2. Average pooling: As the filter travels over the input, it calculates the average value to be sent to the output array within the receptive region.
Figure 3.8: Pooling Layer
3.6.3 Classification Layer
This includes converting the entire pooled feature map matrix into a single column that is then fed for processing to the neural network. To build a model, we combined these features together with the completely linked layers. Finally, to define the output, we have an activation function such as Softmax or Sigmoid. [15]
25 3.7 Proof of Concept (POC)
3.7.1 Introduction
Proof of concept (POC) is an exercise in which work focuses on deciding whether it is possible to transform an idea into a reality. [15] The objective of proof of concept is to evaluate the feasibility of the idea or to test that the idea will function as envisioned.

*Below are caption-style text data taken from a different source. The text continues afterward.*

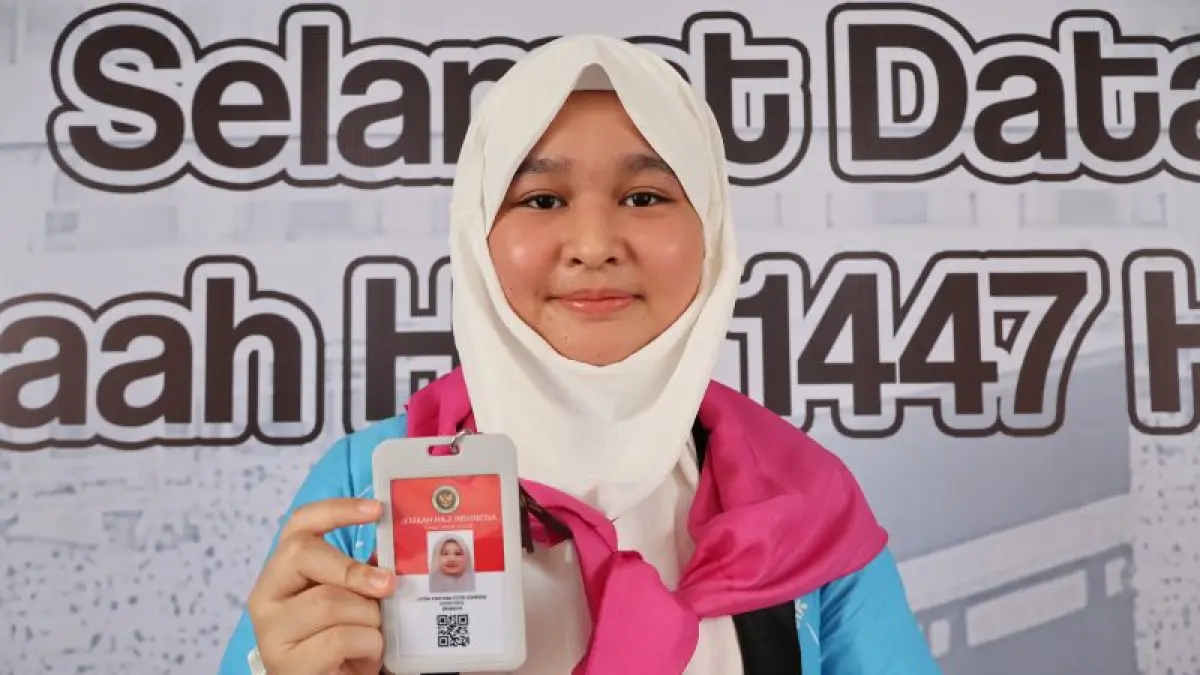 Latifa Syafvina Putri Zuhrizal jamaah calon haji termuda asal Kota Padang berusia 15 tahun sebelum bertolak ke tanah suci. (MUHAMMAD ZULFIKAR/ANTARA)
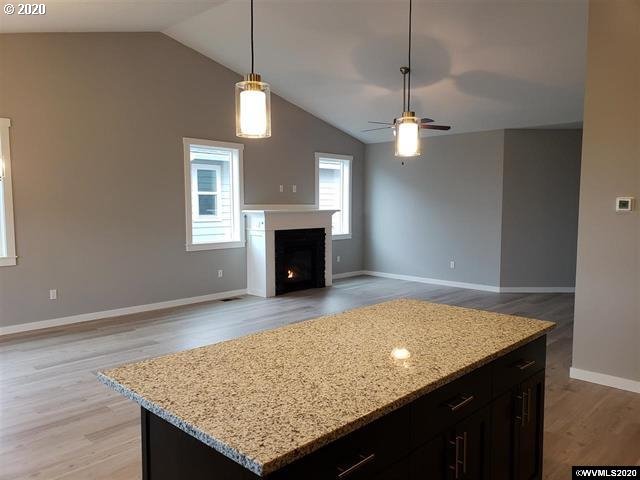 1072 Chestnut Street Independence, OR 97351 - Photo 12 of 15 Gallery Image 12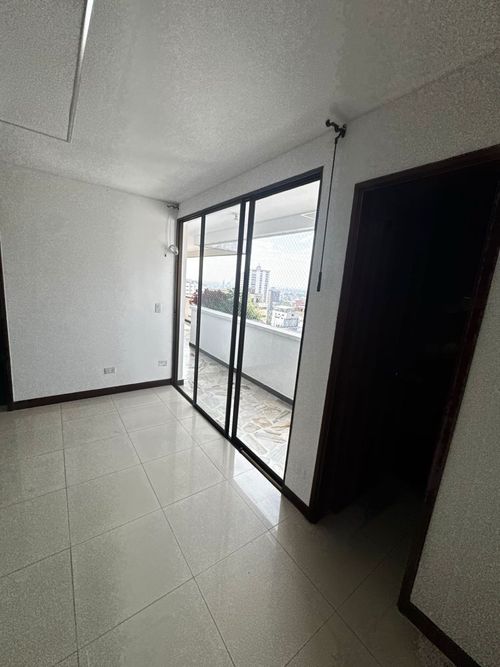 Apartamento en venta en Redoma Aer, Cúcuta · foto 7 de 18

3.7.2 Proof with existing project
Smart Motion Detection: Security System Using Raspberry PI by Zakaria Rada [9] is the example of function and real project that used notification to alert the owner in his project.
Other than that, Design Smart Home Security System Using Object Recognition and PIR Sensor written by Nico Suranthaa, Wingky R. Wicaksonob [6] show that the object recognition can be implement into security system successfully.
Thus, Security Camera with Image Recognition and Notification can be practically do as there are other projects that used notification and object detection method into their security system project.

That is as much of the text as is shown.